Running Quick Tips
Running can be a great way to get outside and stay in shape! If you are new to running or if you do well with keeping up your weekly mileage, injuries may happen. These running quick tips can help.
Seven Running Quick Tips for Injury Prevention
#1 – The 10% rule
The number 1 way to prevent injuries in the research is to follow the 10% rule, which is: do not increase mileage or time running by more than 10% each week. For example, if you run 10 miles a week, it would be appropriate to run 11 miles the following week
#2 – Running form
Pay attention to how you position your body while you run. Grab someone to run with you to give you feedback! Stand tall, look forward, keep chest forward, shoulders back and down, lean forward, and keep arms compact.
#3 – Where to land
Research shows landing softly and landing on your midfoot is best. One mistake people may have is landing on their heel (which makes you over stride and have loud feet).
#4 – Cadence
To help get a better midfoot landing when running, pay attention to how much your feet hit the ground in a minute. You want to aim for 170 – 180 beats per minute. If you are below that range, slowly increase your cadence each time you run to eventually get up to 170 – 180 beats per minute.

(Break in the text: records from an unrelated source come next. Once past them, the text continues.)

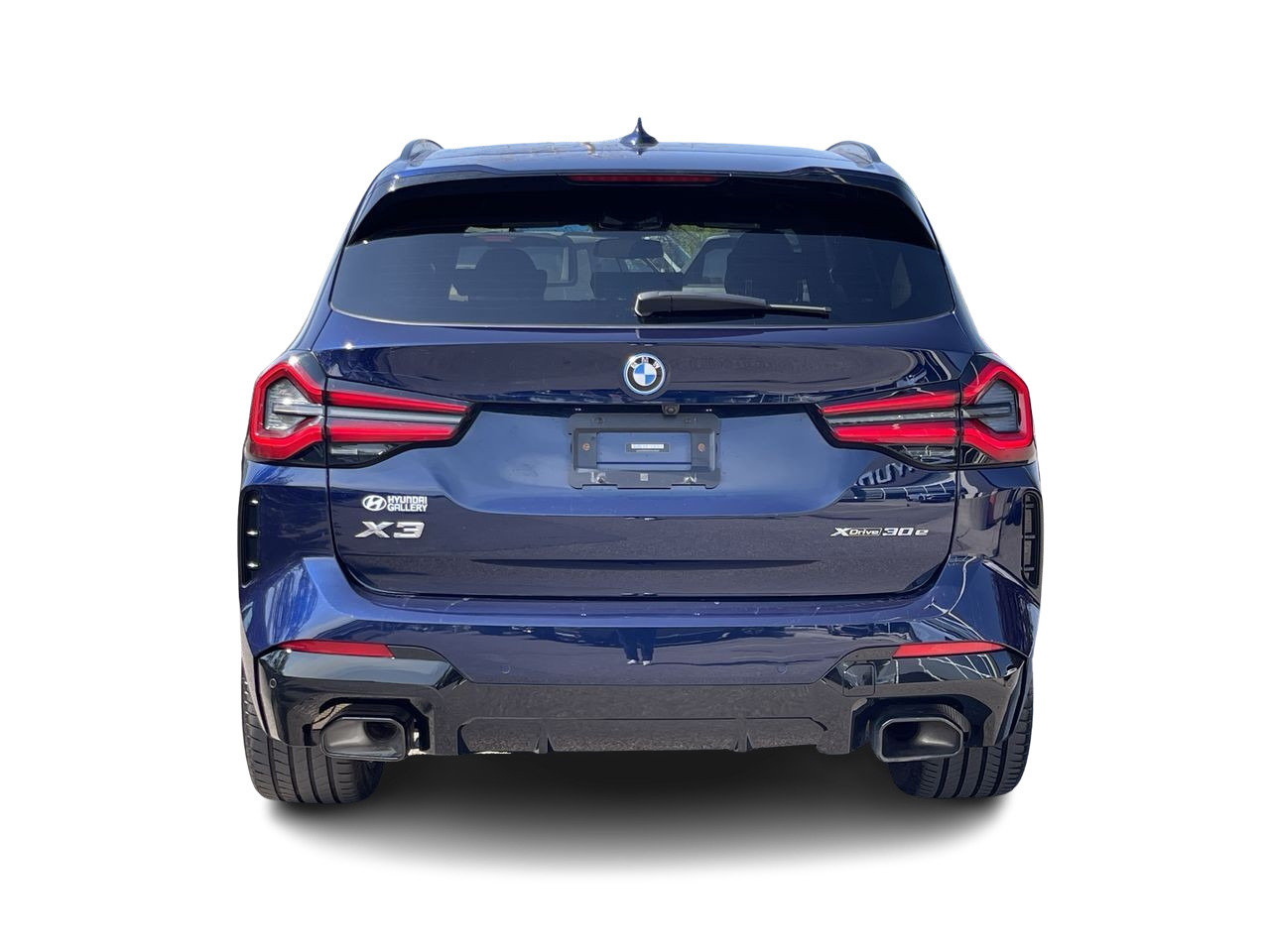 Used 2022  BMW XDrive30 Electric, MSport Package image 9
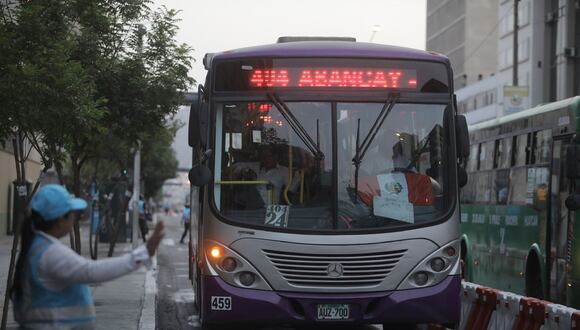 Buses del Corredor Morado comenzaron a operar otra vez. (Foto: joel alonzo/ @photo.gec)
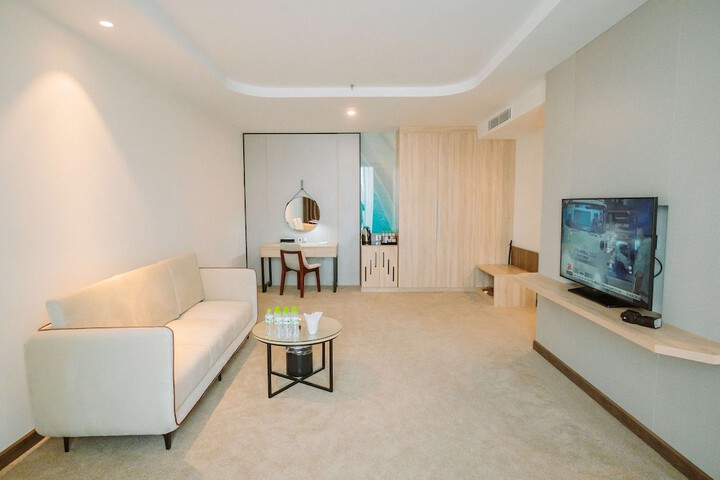 Room 13 of 28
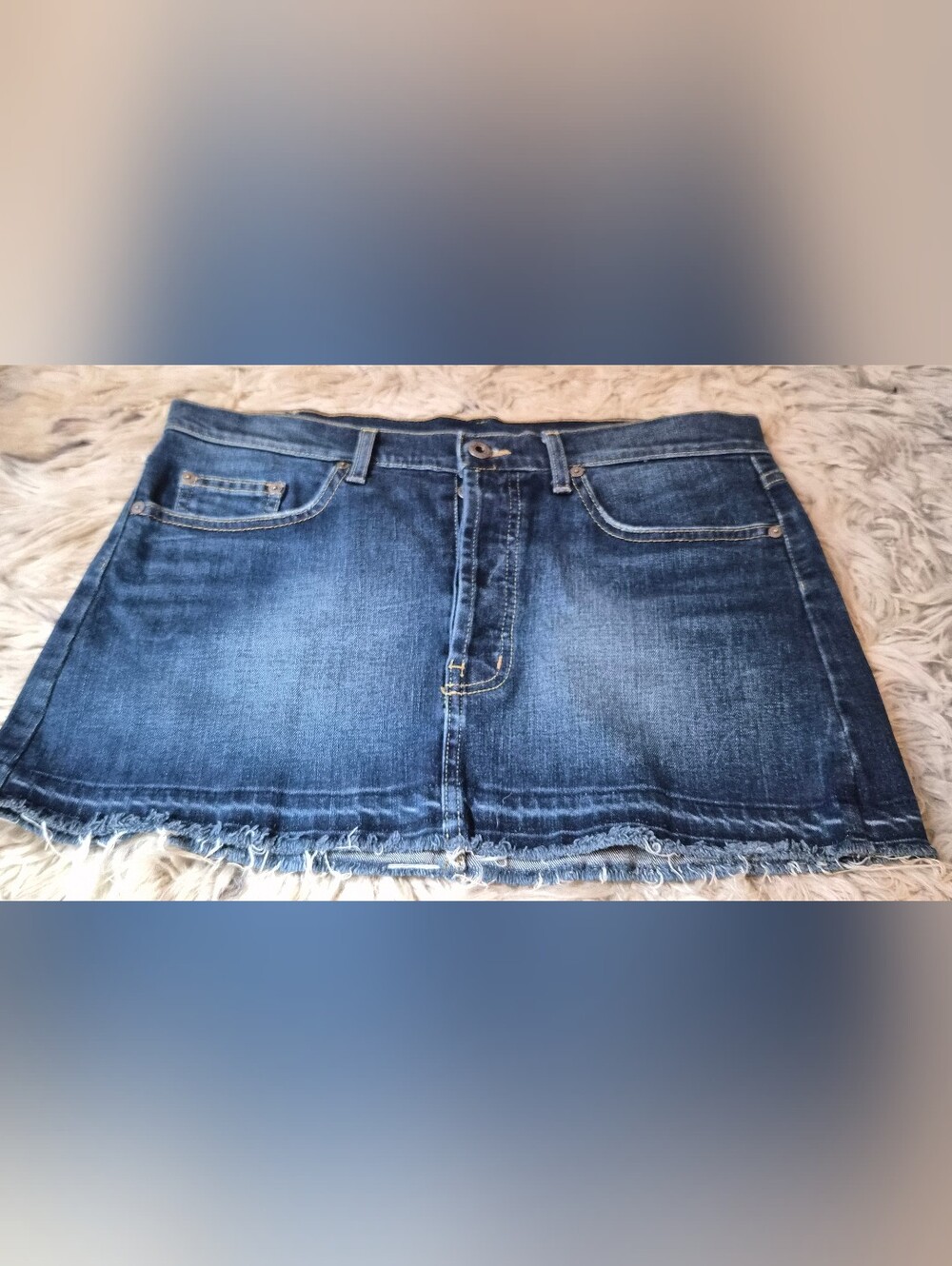 Pristine Y2K Chip & Pepper Dark Blue Denim Mini Skirt with Frayed Hem Sz 29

#5 – Warm up and cool down
Make sure to spend 5-10 minutes warming up before a run, whether that be a brisk walk or movements to warm up your body. High marches, lunge walks, leg swings, skipping, butt kicks, and high knees are some examples. In addition, remember to cool down as well. Walking for a few minutes after a run and taking time to stretch is important.
#6 – Cross training and strengthening
Cross training is a great way to give your body some rest from running, especially if you are training for a race. This means doing a different type of cardio workout to keep up your cardiorespiratory endurance (biking, elliptical, rowing machine, etc.). Strengthening has been shown to be a great way to improve running economy. Hip, legs, and core strengthening are some muscle groups to focus on.
#7 – Shoes
Find a pair of shoes that feel good and have good stability! Brands I have personally tried and like are ASICS, Brooks, and Hokas. Replace shoes when they lose adequate support or cushion. Every 300 – 500 miles is a good rule of thumb.
Warning Signs of an Injury:
What pain is okay to have?
General muscle soreness or slight joint discomfort after a workout or the next day that is gone in 24 hours or slight stiffness at the beginning of a run or walk that goes away after the first 10 minutes is okay.
What pain is not okay?
Pain that keeps you awake at night, pain that starts at the beginning of a run/walk and becomes worse as you continue, or pain that changes your stride is not okay.